▸ TASK DESCRIPTION:
Repeat word for word the lines from the one containing "Przedłużacz z ładowarką" to the end of the material below, and leave all pictures out.

▸ COLLECTED MATERIAL:
------------

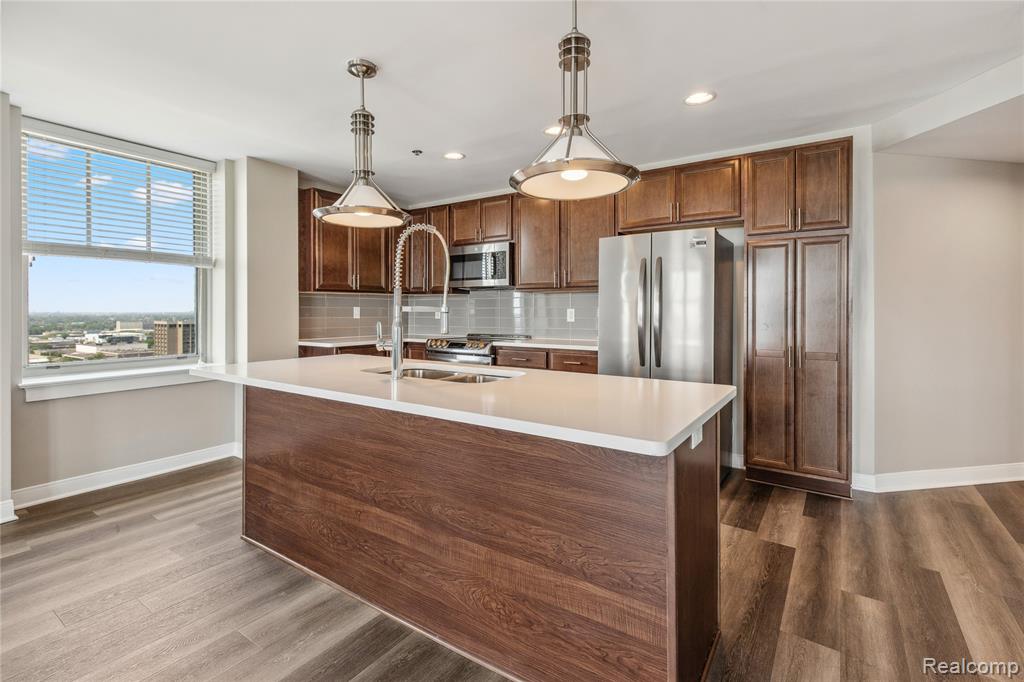 525 W Lafayette, 17D, Detroit, MI 48226 — Photo 6
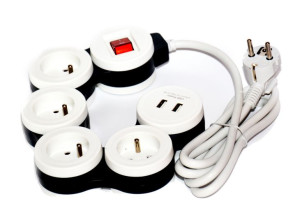 Przedłużacz z ładowarką USB 2.1A zabezpieczenie przeciążeniowe 5m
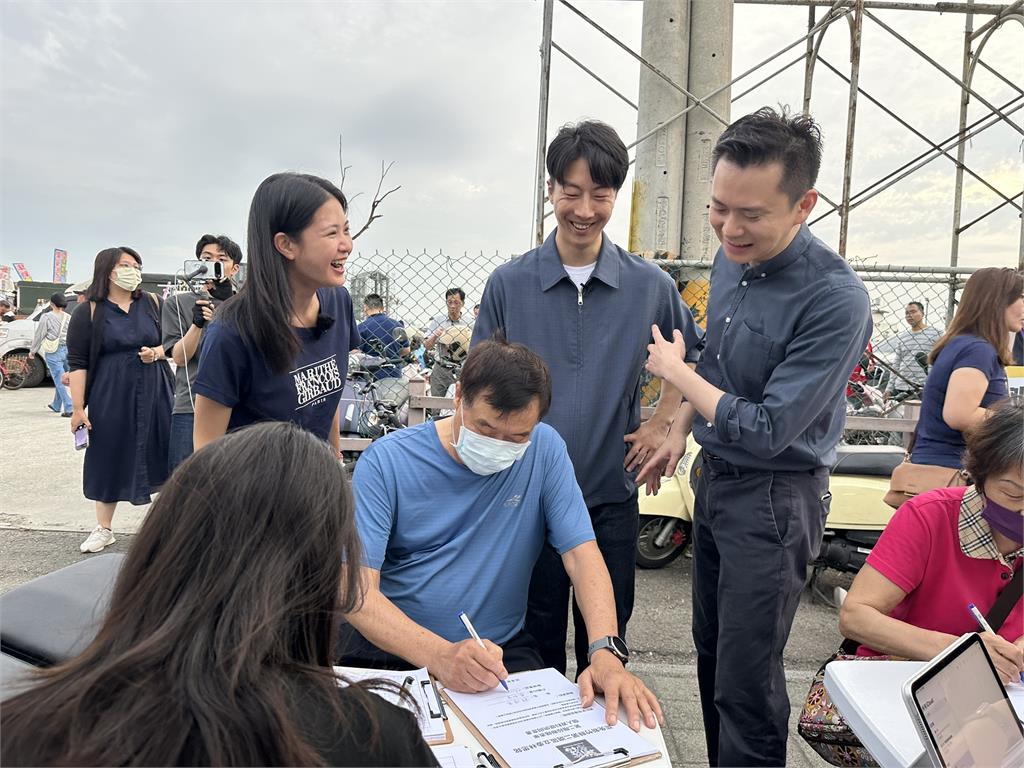 快新聞／林思銘、徐欣瑩罷免連署最後衝刺　吳崢：請寫下給新竹的情書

------------

▸ SOLUTION:
 Przedłużacz z ładowarką USB 2.1A zabezpieczenie przeciążeniowe 5m
 快新聞／林思銘、徐欣瑩罷免連署最後衝刺　吳崢：請寫下給新竹的情書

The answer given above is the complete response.